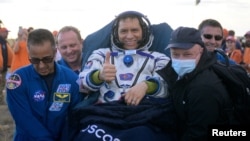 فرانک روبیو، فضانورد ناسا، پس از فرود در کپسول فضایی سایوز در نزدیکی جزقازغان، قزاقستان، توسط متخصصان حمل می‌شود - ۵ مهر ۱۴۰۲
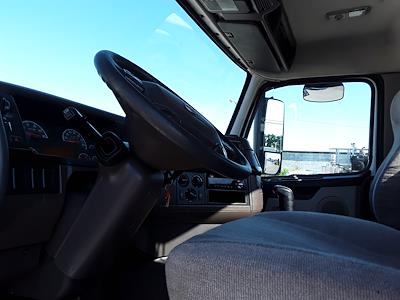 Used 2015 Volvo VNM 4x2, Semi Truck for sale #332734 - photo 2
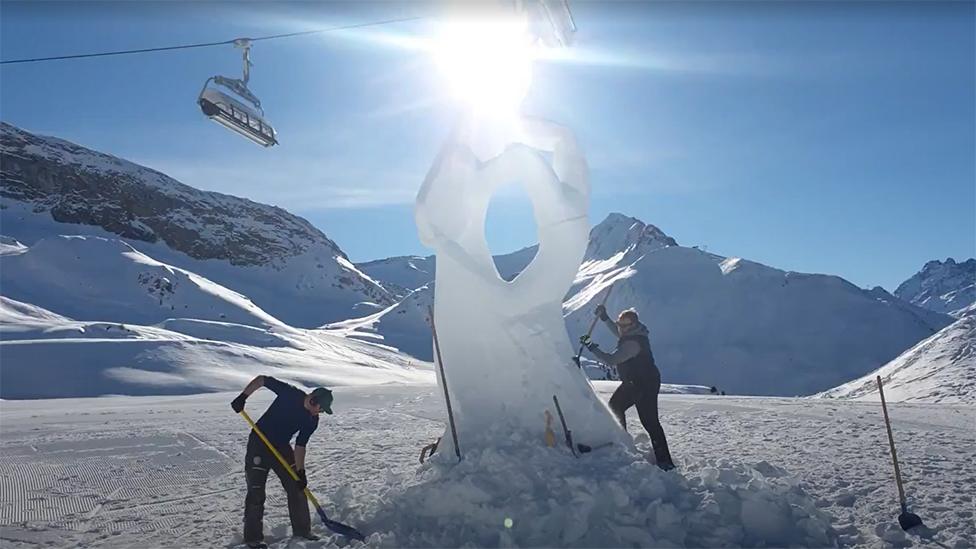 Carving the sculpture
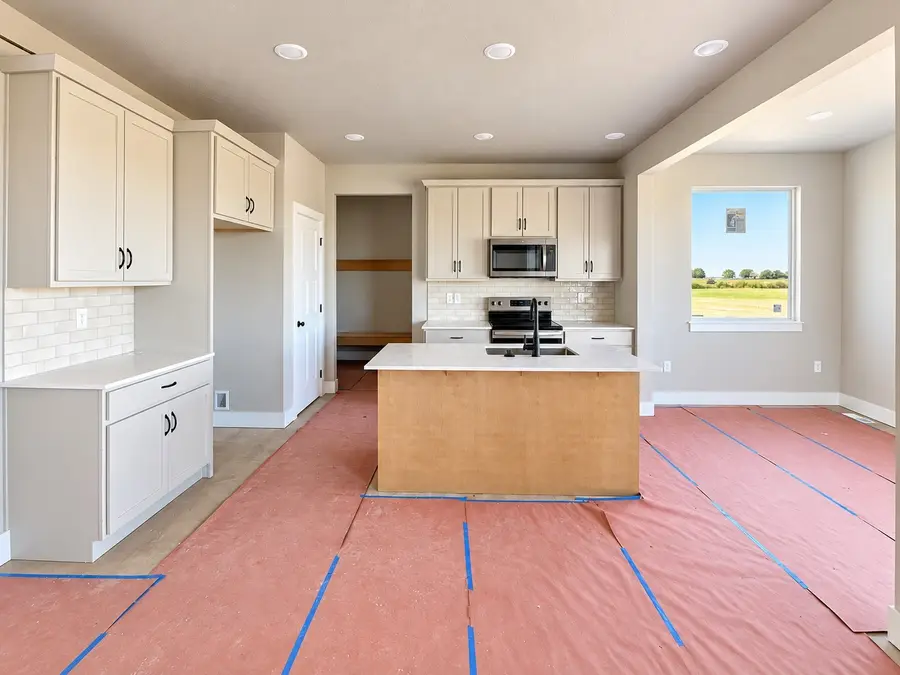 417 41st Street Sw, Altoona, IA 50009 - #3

:: Work to be completed ::
Output the listing exactly, pictures excluded.

:: Reply to the task ::
 فرانک روبیو، فضانورد ناسا، پس از فرود در کپسول فضایی سایوز در نزدیکی جزقازغان، قزاقستان، توسط متخصصان حمل می‌شود - ۵ مهر ۱۴۰۲
 Used 2015 Volvo VNM 4x2, Semi Truck for sale #332734 - photo 2
 Carving the sculpture
 417 41st Street Sw, Altoona, IA 50009 - #3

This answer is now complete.